You Aren’t Willing to Sacrifice For Each Other
In the twenty-first century, many couples include two career-minded, driven individuals. If your goals are pulling you in different directions, eventually one person is going to have to sacrifice for the other, or the relationship will end. If you’re working towards a creative writing MFA in New York or you’re grinding out that prestigious tech internship in Silicon Valley, are you really going to leave your network and connections to be with your partner once you’ve finished this leg of the journey? Are they eventually going to leave their job and their friends to be with you? Long distance relationships involve a lot of little sacrifices of your time and money over time. Before you commit thousands of dollars and all of your frequent flyer miles to a relationship, it might be a good idea to make sure that you’re both seeing the same end game.

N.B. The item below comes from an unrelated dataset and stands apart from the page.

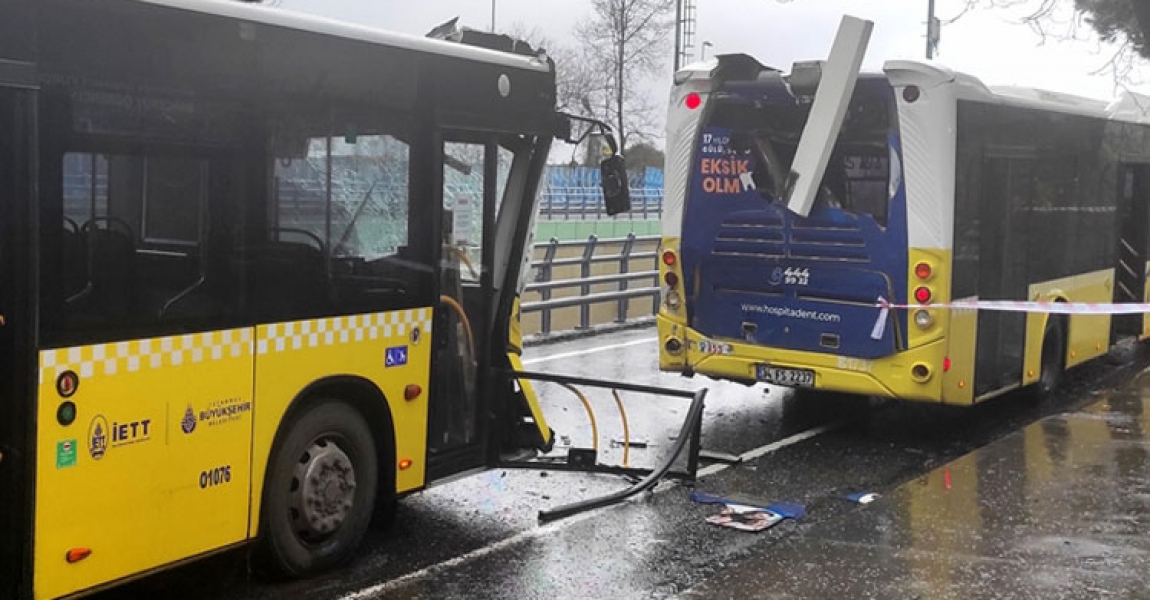 Sarıyer'de iki İETT otobüsünün çarpışması sonucu 3 yolcu yaralandı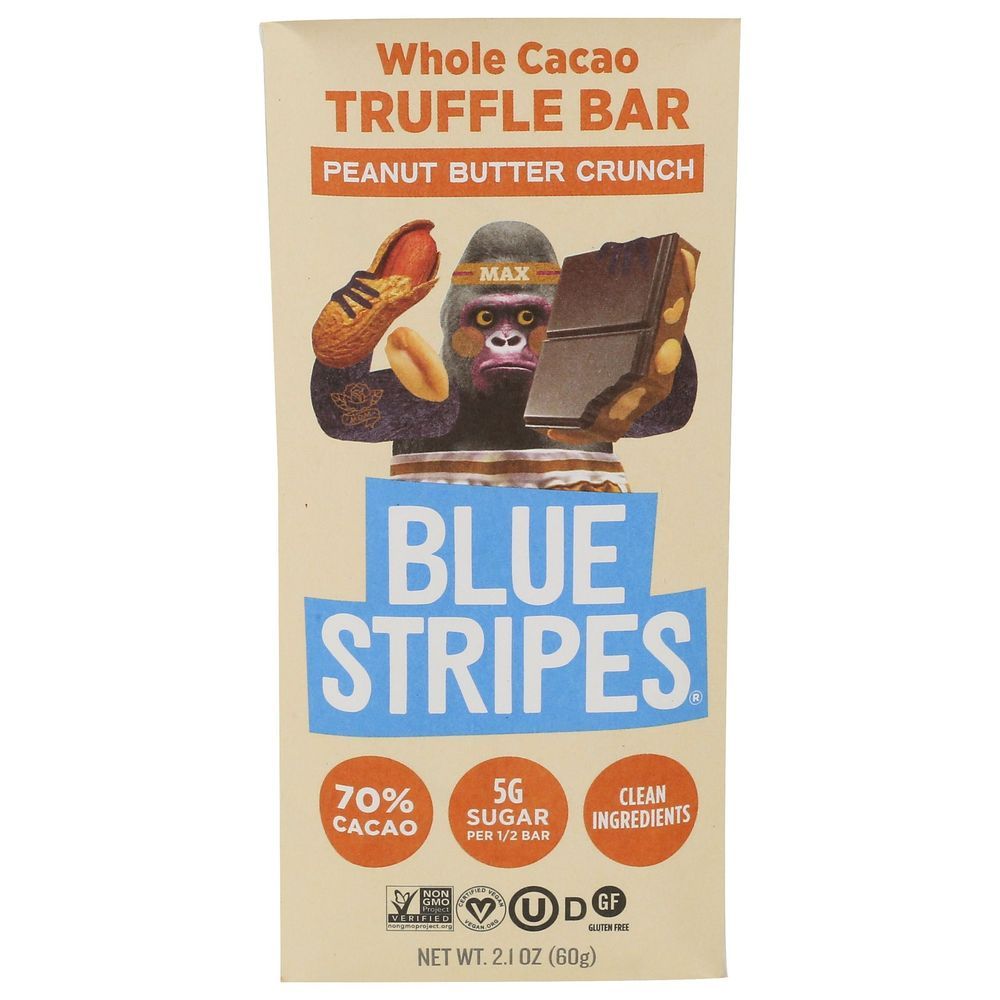 Blue Stripes Peanut Butter Crunch Whole Cacao Truffle Chocolate Bar, 2.1 Ounce -- 12 Per Case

You Can’t Feel The Relationship Progress
Eventually, you have to move in with each other or break-up. Generally, that’s how relationships work. That point usually hits around the two to three year mark, depending on just how commitment-phobic the two of you may be. I’ve seen it happen as early as six months in, but those relationships tend to burn brightly and then flame out. When you’re in a long-distance relationship, you can’t incrementally increase intimacy, there is no way to further connect your lives. No matter how cheesy it might be, there is meaning behind keeping some clothes at your girlfriend’s place. There is something to making your boyfriend a key. Moving in together is a huge step. If you don’t have to take any of these steps, then you can keep a comfortable distance between you that allows for the denial of any incompatibility. One of the greatest dangers of long distance relationships is that you end up dating the idea of a person and never come to terms with your partner’s flaws.
No Set Reunion Date
Long distance relationships generally happen for a reason. One partner may get a job in another city, go back to school, or need some time to take care of family business. All of these things can happen on timetables; all of them can have a firm end date. If there is no time table for reuniting with your significant other, that’s a problem. If you don’t have a date to look forward to, your will to work through rough spots will diminish. If you have no idea when a tough situation is going to end, it is much harder to justify to yourself why you’re putting yourself through it in the first place.
You Grow Apart
There is a good chance you went the long distance route because you and your partner are at different stages in your life. For example, one of the most common long distance scenarios is one partner is still in college while the other enters the working world. This means that one person is living in a protected dream world of booze and philosophy while the other is coming to terms with the harsh realities of student loan payments and slum lords. It’s often said that you can’t make anyone change; it is equally true that you can’t stop someone from changing. Whether one of you is in college and the other is working, one of you is floating through your twenties while the other is starting their career, or one of you finding yourself while the other is settling down, it is important to be frank with each other about how you’re evolving. Sometimes reuniting after a period of long-distance isn’t just asking someone to move, it can be asking someone to fundamentally change who they are. Surprisingly, that doesn’t turn out so well.